Максим, возвращаясь с заработков из дальнего села, бодро шагал по обочине дороги, где земля ещё не была разбита колёсами телег и конскими копытами. Полный задора и сил, парень легко перепрыгивал через проталинки, он спешил засветло вернуться домой к молодой жене Варваре. Разгорячённый быстрой ходьбой, он скинул старенький армяк и перебросил его через плечо. Сквозил лёгкий ветерок, однако мужчина не обращал на него внимания, забыв о том, что весеннее тепло на Урале обманчиво.

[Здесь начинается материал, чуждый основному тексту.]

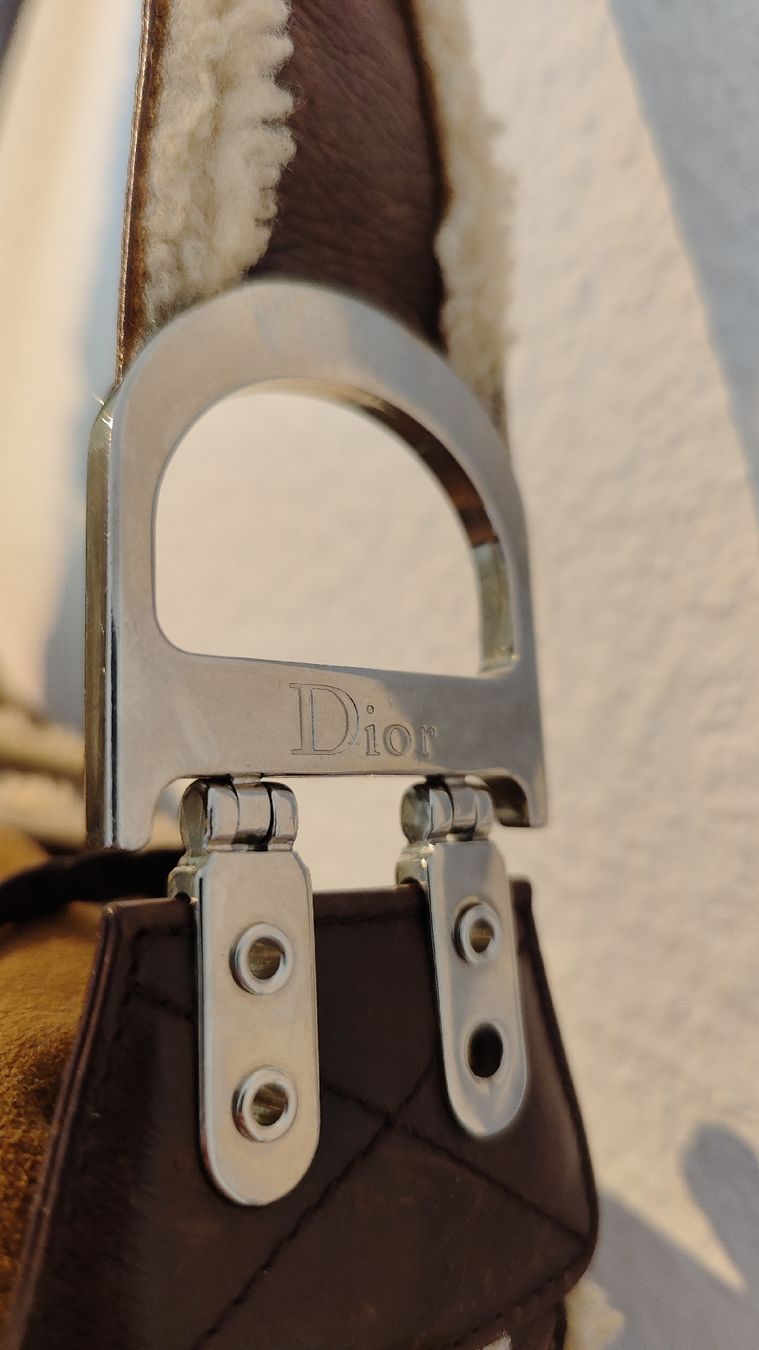 Dior Borse da donna: Christian Dior Saddle Shearling Flight Handbag Original 2005 – Usato da La Tour de Peilz venduto da Dejobokin 2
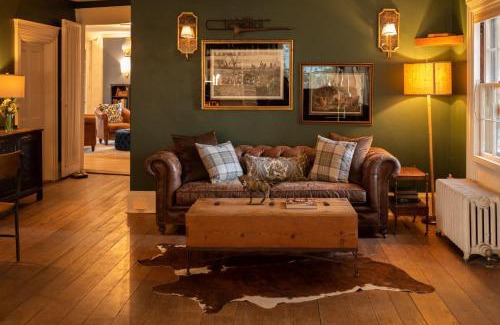 Brunswick Hotel | OneSixtyFive, The Inn on Park Row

Внешне они были полной противоположностью друг другу. Максим – невысокого роста, но складный, весёлый кучерявый парень, острый на язык, постоянно шутил. Варвара – девица высокая и статная, была сдержанна во всём. Без особой суеты она передвигалась по избе, однако успевала быстро управиться с нехитрым хозяйством. В ответ на побасенки и шутки мужа она лишь ласково улыбалась. Несмотря на крайнюю нищету, которая и погнала Максима на заработки, супруги были счастливы. Из этой чистой и светлой, словно весеннее небо любви, появилась на свет дочка Нюронька.
Давно забылась неприятность, случившаяся во время их свадьбы, но почему-то именно сейчас она припомнилась Максиму.
Молодые после венчания возвращались из церкви, украшенный лентами и бубенцами горячий конь, сдерживаемый крепкой рукой, рвался вперёд. Максим не отводил влюблённых глаз от ненаглядной Варварушки. Когда она поднимала стыдливо опущенные ресницы, он буквально тонул в её тёмных очах. «Желанная! Моя!» – стучало сердце, готовое выскочить из груди.
Неожиданно конь встал, как вкопанный – дорогу перегородила женщина: «Да будьте вы трижды прокляты!» – произнесла она горько, окинув молодожёнов ненавидящим взглядом, и освободила дорогу. Глаза невесты наполнились слезами:
– Кто это? За что, Максим?
Мужчина подстегнул коня и, пряча глаза, ответил:
– Откуда мне знать… не в себе, наверное.
Варвара никогда не напоминала эту досадную встречу, а Максим старался навечно забыть короткую вспышку чувств к уже немолодой, вдовой женщине, у которой недолгое время жил в работниках.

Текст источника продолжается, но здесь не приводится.